A conversa avançou com a leitura de Bianca Sant’ana de obras dos autores e perguntas que saltaram das obras e conduziram a mesa. Em um desses trechos, o livro “Melhor não contar”, de Tatiana, lançou a pergunta se “a escrita cura?” Tenório respondeu com outra indagação: “Cura o quê?  Na opinião dele, a literatura não tem esse poder no sentido patológico. “Ela te ajuda a conviver com aquilo que você já teve.” Natália, por sua vez, concordou e reforçou que a escrita não elimina feridas. “Os autores rondam os mesmos livros, trazendo questões que sempre voltam. A literatura organiza, nomeia, fixa o que antes poderia tomar muitas formas. Mas existem dores que a gente não quer curar, como diz Freud.” Em sintonia com a fala de Jefferson Tenório, Tatiana completou lembrando que, ao longo do tempo, percebeu que alguns temas inevitavelmente retornam aos seus livros, como a violência contra a mulher e a morte da mãe. 

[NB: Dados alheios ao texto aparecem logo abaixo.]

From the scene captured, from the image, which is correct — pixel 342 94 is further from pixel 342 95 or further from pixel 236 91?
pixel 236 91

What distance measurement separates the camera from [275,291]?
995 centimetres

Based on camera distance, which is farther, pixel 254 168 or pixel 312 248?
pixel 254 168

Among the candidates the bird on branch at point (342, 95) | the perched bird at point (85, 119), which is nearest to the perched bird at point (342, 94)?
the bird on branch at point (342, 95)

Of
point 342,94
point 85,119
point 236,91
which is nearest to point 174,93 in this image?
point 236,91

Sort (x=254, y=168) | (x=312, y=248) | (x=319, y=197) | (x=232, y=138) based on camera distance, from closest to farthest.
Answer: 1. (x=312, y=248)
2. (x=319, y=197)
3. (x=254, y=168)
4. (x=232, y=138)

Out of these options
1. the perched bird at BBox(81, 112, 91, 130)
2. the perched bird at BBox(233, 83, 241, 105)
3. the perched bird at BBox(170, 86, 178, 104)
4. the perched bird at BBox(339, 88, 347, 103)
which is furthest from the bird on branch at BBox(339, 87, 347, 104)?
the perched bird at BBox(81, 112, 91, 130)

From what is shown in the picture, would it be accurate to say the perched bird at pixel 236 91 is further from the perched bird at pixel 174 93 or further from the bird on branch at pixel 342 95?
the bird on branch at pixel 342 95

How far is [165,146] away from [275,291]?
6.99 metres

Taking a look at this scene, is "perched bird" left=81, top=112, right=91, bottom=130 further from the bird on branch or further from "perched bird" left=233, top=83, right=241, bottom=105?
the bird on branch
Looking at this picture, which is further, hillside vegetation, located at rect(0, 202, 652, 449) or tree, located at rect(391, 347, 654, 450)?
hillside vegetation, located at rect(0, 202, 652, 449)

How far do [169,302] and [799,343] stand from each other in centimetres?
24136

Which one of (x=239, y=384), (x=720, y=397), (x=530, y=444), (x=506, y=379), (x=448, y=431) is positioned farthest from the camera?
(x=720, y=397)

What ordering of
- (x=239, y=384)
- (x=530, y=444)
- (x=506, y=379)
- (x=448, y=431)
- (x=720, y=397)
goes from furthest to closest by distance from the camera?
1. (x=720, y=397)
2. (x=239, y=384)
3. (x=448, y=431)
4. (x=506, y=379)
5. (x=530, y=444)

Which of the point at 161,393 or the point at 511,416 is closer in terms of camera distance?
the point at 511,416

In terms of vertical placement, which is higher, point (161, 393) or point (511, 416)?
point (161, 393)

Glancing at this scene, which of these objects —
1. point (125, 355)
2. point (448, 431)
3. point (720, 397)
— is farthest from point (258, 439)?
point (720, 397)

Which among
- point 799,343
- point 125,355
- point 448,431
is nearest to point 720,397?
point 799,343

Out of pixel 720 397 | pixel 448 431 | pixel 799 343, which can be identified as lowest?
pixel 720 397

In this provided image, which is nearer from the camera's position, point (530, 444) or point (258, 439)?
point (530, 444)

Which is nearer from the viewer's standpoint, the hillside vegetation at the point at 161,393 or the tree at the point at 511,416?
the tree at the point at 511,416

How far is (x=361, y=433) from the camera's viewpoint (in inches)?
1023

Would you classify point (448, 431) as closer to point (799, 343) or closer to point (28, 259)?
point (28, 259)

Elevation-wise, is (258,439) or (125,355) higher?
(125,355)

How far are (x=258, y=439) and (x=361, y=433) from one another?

A espiritualidade também entrou em pauta. Nesta sexta-feira (3/10), dia dedicado a Oxalá para pessoas de matriz africana, Bianca fez um paralelo entre espiritualidade, memória e ficção em busca de entender com esses caminhos se encontram nas encruzilhadas de escritas dos autores presentes na mesa. Para Tatiana, que se nomeia como uma adepta do judaísmo cultural, a presença na escrita ocorre — mesmo sem vínculo religioso formal. “No caso do judaísmo, vejo como uma herança que passa de geração em geração. O meu primeiro romance fala da minha família expulsa de Portugal, que foi para a Turquia e depois para o Brasil. Muitas famílias sofreram com isso e guardam até hoje a chave, como uma simbologia da esperança de voltar para a casa.” Ao relacionar memória e política, ela ergueu a voz para denunciar os ataques a Gaza: “Como o Estado de Israel comete esse genocídio? Como os netos de um genocídio podem cometer outro em tão pouco tempo?” O auditório reagiu com aplausos ao grito de “Palestina livre”.

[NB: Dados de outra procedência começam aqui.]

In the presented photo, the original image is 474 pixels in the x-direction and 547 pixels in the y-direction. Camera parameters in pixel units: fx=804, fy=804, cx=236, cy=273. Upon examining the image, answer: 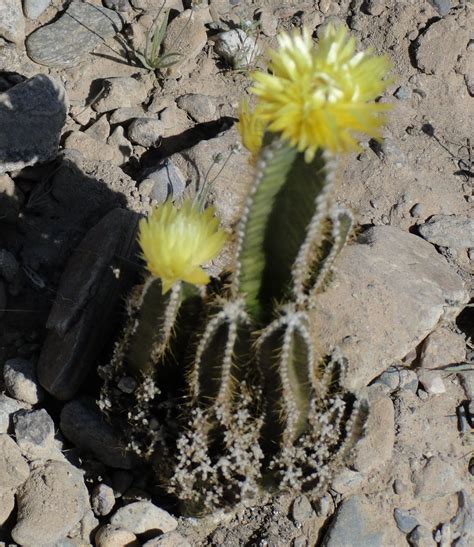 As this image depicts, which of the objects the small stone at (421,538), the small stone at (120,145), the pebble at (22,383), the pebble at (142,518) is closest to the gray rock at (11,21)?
the small stone at (120,145)

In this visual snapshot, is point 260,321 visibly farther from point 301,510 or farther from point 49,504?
point 49,504

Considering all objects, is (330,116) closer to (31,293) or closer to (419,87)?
(31,293)

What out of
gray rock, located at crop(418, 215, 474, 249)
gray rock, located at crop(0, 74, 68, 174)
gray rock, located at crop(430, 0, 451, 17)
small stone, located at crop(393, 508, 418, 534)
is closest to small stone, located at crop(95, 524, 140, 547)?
small stone, located at crop(393, 508, 418, 534)

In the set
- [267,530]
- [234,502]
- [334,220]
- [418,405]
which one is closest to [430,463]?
[418,405]

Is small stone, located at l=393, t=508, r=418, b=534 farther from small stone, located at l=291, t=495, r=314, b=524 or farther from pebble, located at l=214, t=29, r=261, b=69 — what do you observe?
pebble, located at l=214, t=29, r=261, b=69

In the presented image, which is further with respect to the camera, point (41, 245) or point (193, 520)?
point (41, 245)

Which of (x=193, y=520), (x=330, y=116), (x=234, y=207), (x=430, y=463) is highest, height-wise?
(x=330, y=116)

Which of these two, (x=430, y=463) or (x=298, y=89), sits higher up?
(x=298, y=89)

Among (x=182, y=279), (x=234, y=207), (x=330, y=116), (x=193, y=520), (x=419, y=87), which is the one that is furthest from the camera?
(x=419, y=87) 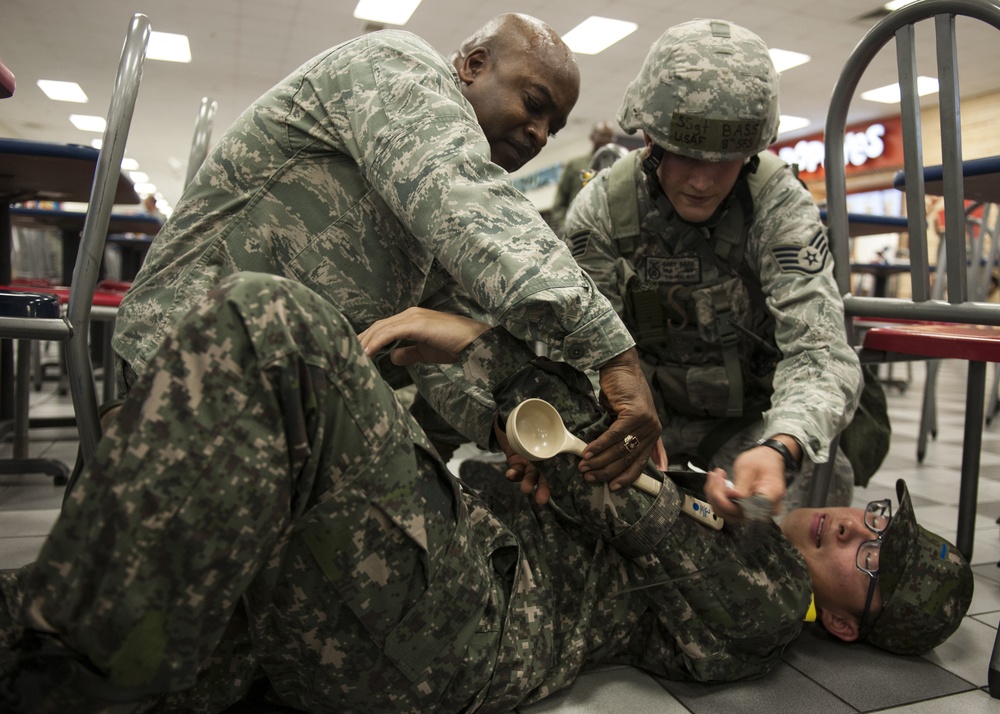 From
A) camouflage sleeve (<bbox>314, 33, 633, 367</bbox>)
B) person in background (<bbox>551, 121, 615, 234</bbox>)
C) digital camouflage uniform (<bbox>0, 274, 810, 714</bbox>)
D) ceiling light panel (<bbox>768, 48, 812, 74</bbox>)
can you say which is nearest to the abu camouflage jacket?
digital camouflage uniform (<bbox>0, 274, 810, 714</bbox>)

Tenório contextualizou o uso das vestimentas e para o debate sobre a espiritualidade afro-brasileira. Apesar de frequentar terreiros de umbanda e candomblé, pra ele, vestir branco às sextas-feiras é mais do que um gesto religioso: é uma postura política. “A memória se fixa porque coisas acontecem com o nosso corpo e são registradas por ele. A memória vem antes do presente, e o que mais fazemos é conviver com o passado.” 

Natália dialogou com a fala de Tatiana e questionou sua própria relação com o judaísmo. “É claro que não somos responsáveis pelo que o Estado de Israel faz, mas isso causa dor aos palestinos e também aos judeus da diáspora. Por muito tempo, eu disse que não era judia, até perceber que isso estava na minha escrita e na minha identidade. Minha maior experiência religiosa é com a literatura, uma religação para entender o que vem antes e o que vem depois.”

Ao encerrar a mesa, Bianca provocou os autores com uma última pergunta: o que é verdade na literatura? Tatiana respondeu que a verdade não está ligada a fatos objetivos. “A gente sempre sabe quando a escrita é verdadeira.” Natália reforçou que a ficção não é mentira e isso não pode ser esquecido. “A ficção é uma maneira de chegarmos a lugares onde não chegaríamos de outro modo.”

Tenório recorreu a Nietzsche para lembrar que a verdade é uma construção narrativa. “Na literatura, fazemos um pacto estético com o leitor. É nesse processo de exaustão, em que você escreve até ser derrotado pela própria literatura, que se alcança uma verdade estética. E é atrás dela que a gente sempre busca.”

A mesa terminou com a leitura de trechos pelos autores, num encerramento marcado por reflexões intensas sobre memória, espiritualidade, verdade e o papel da literatura na vida de quem escreve e de quem lê.